● Information shown
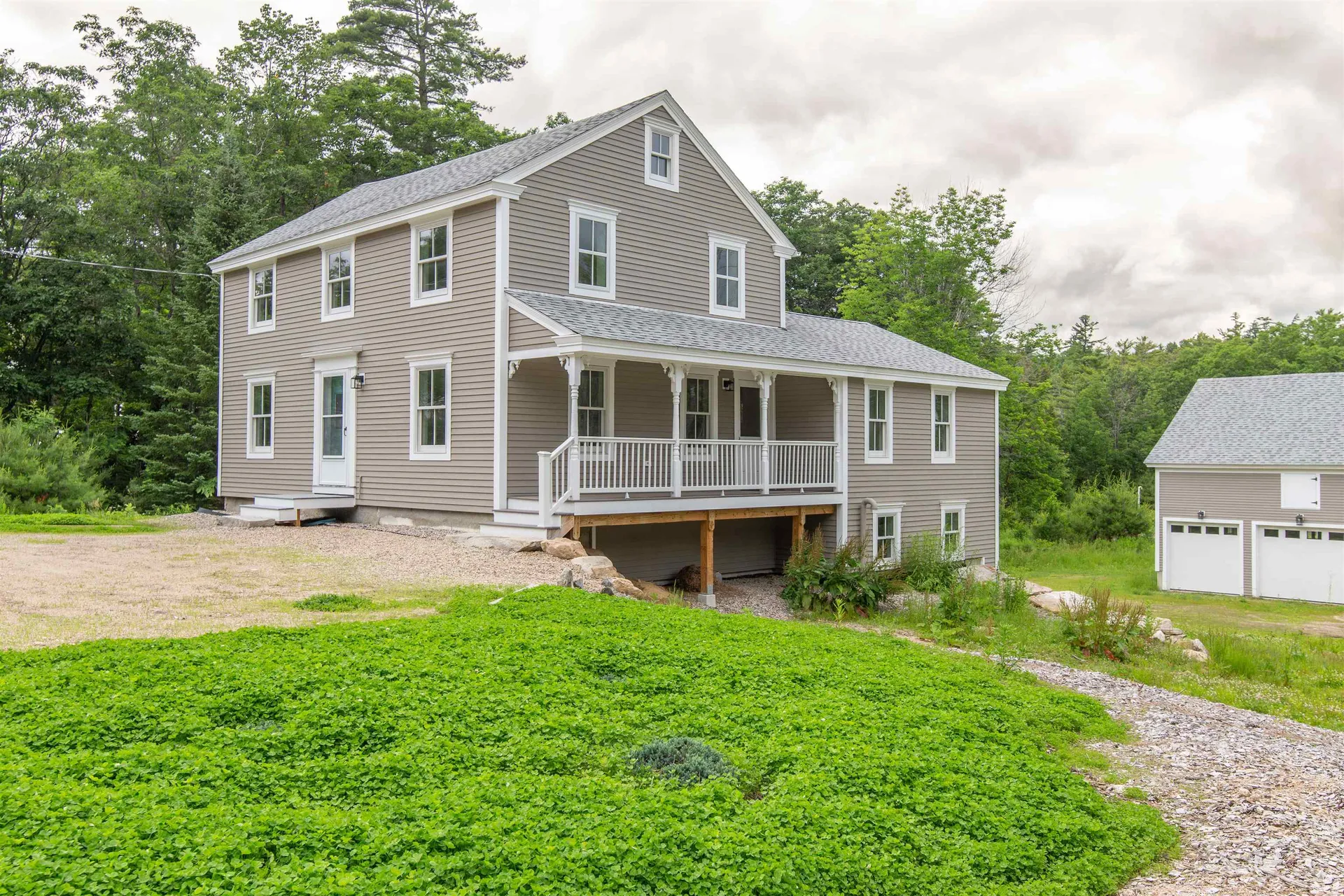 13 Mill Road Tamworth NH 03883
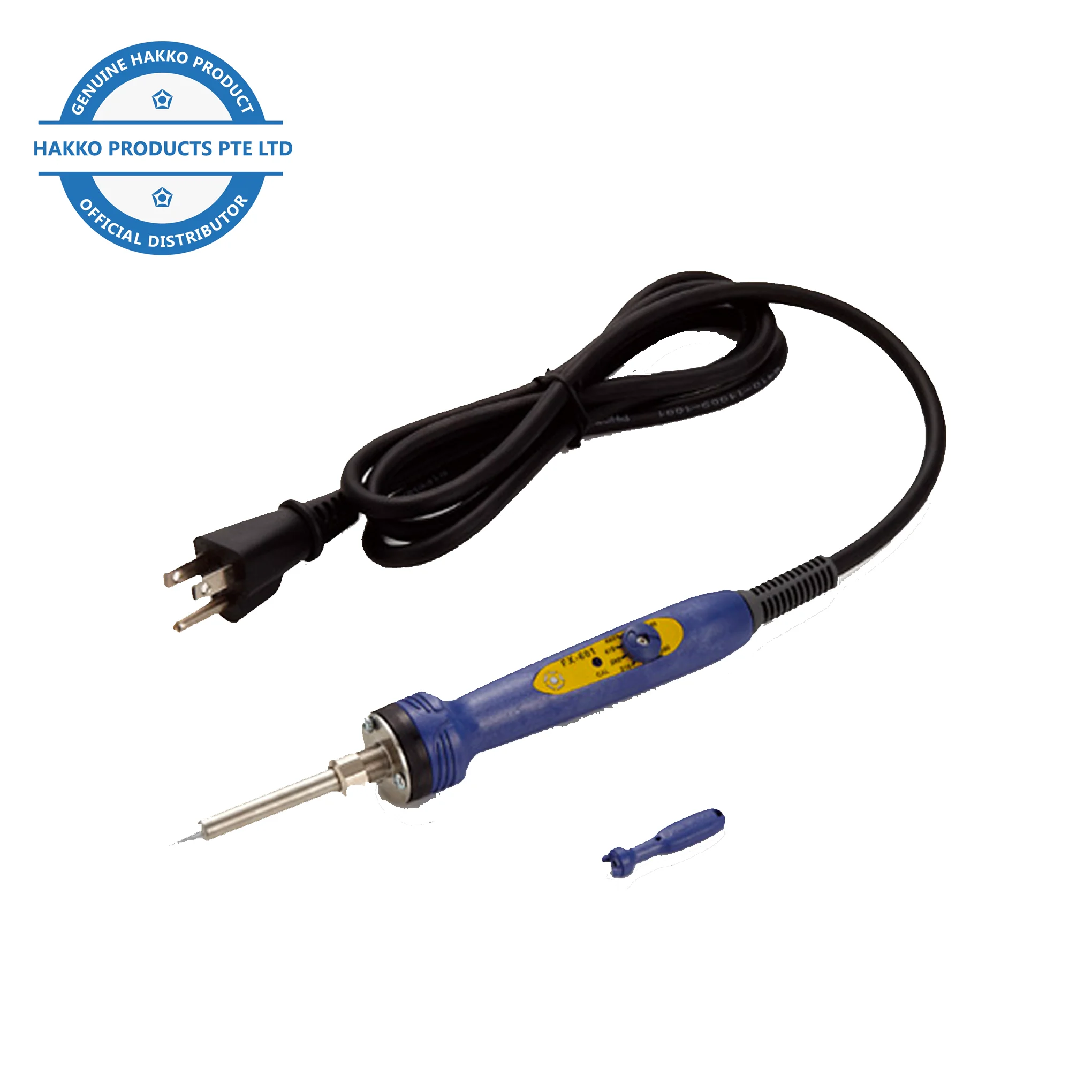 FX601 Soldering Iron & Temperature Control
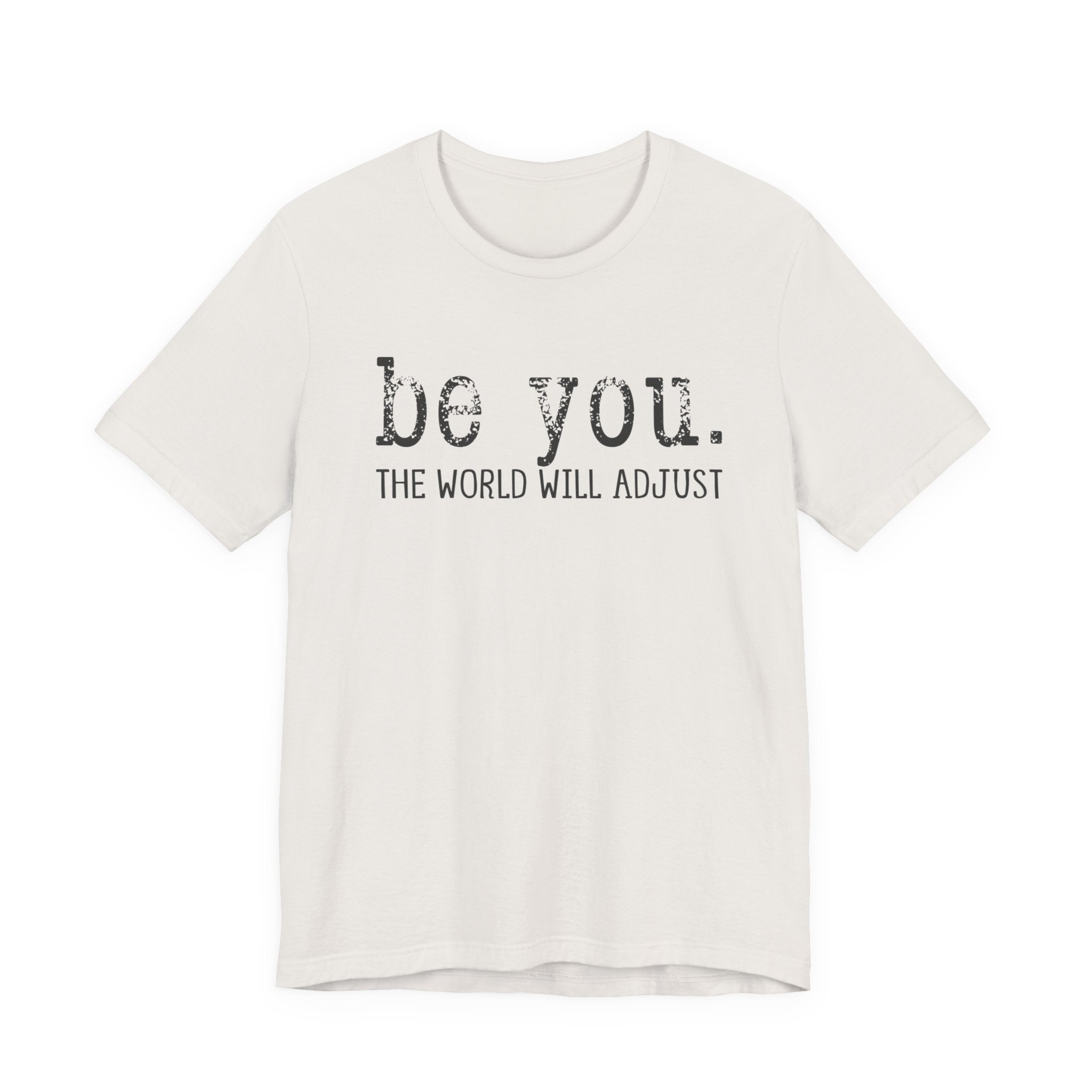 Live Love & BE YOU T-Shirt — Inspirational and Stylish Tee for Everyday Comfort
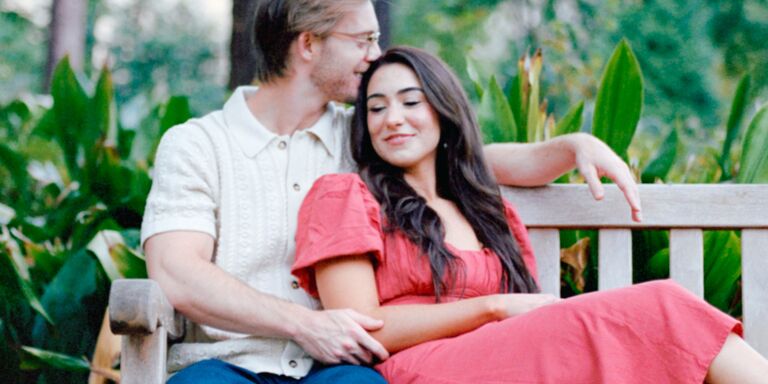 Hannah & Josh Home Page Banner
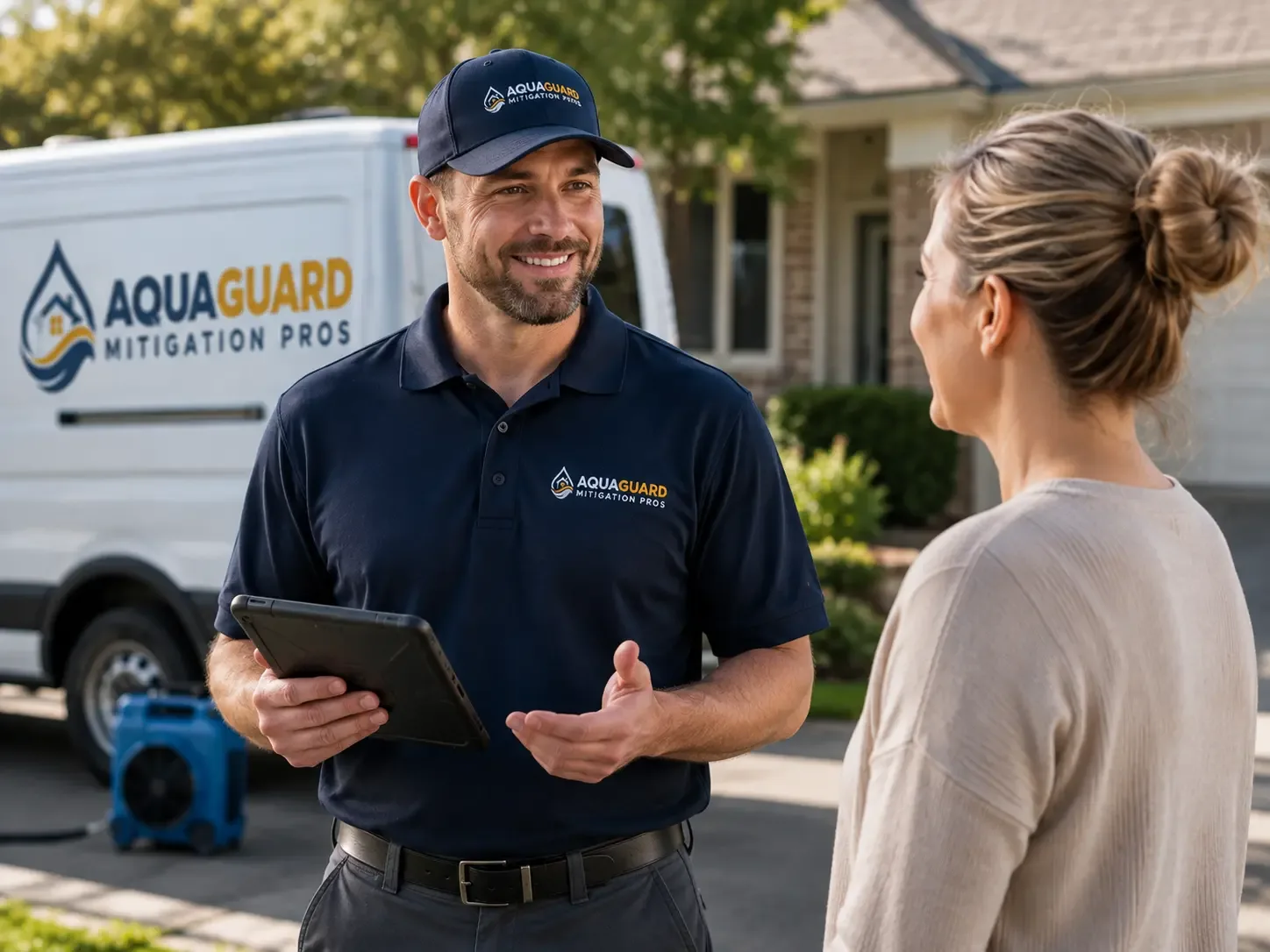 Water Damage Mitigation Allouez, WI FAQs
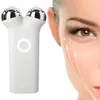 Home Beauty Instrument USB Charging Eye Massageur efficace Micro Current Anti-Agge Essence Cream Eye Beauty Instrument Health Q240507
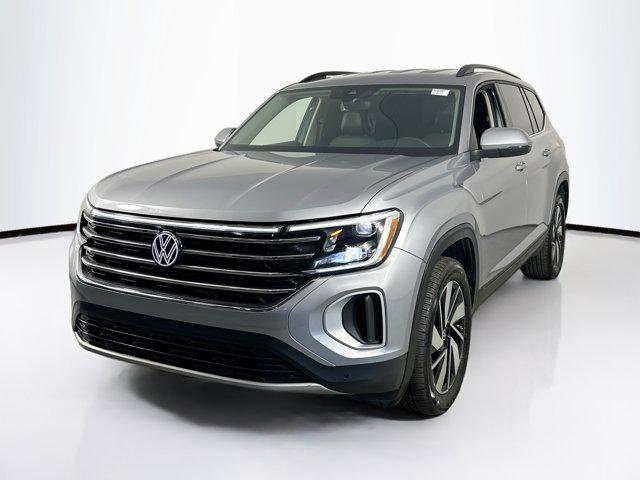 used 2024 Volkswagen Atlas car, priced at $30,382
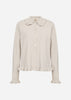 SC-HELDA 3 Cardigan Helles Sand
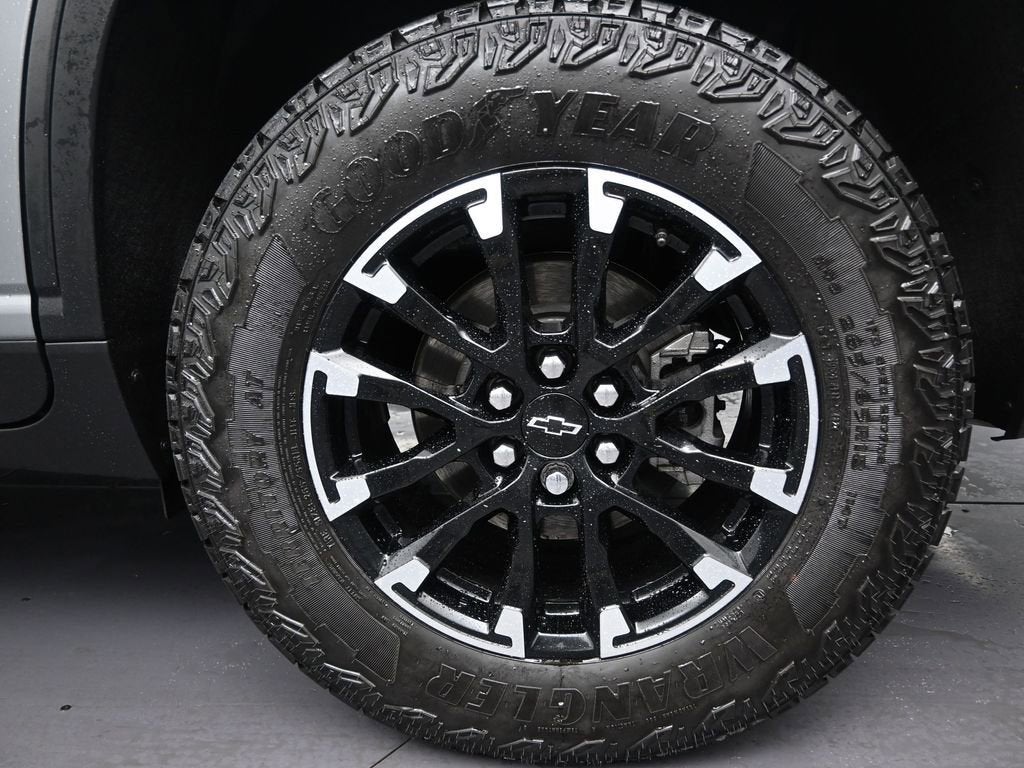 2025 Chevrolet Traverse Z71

● Task description
The output must match the records word for word, except that no pictures appear.

● Answer to this problem
 13 Mill Road Tamworth NH 03883
 FX601 Soldering Iron & Temperature Control
 Live Love & BE YOU T-Shirt — Inspirational and Stylish Tee for Everyday Comfort
 Hannah & Josh Home Page Banner
 Water Damage Mitigation Allouez, WI FAQs
 Home Beauty Instrument USB Charging Eye Massageur efficace Micro Current Anti-Agge Essence Cream Eye Beauty Instrument Health Q240507
 used 2024 Volkswagen Atlas car, priced at $30,382
 SC-HELDA 3 Cardigan Helles Sand
 2025 Chevrolet Traverse Z71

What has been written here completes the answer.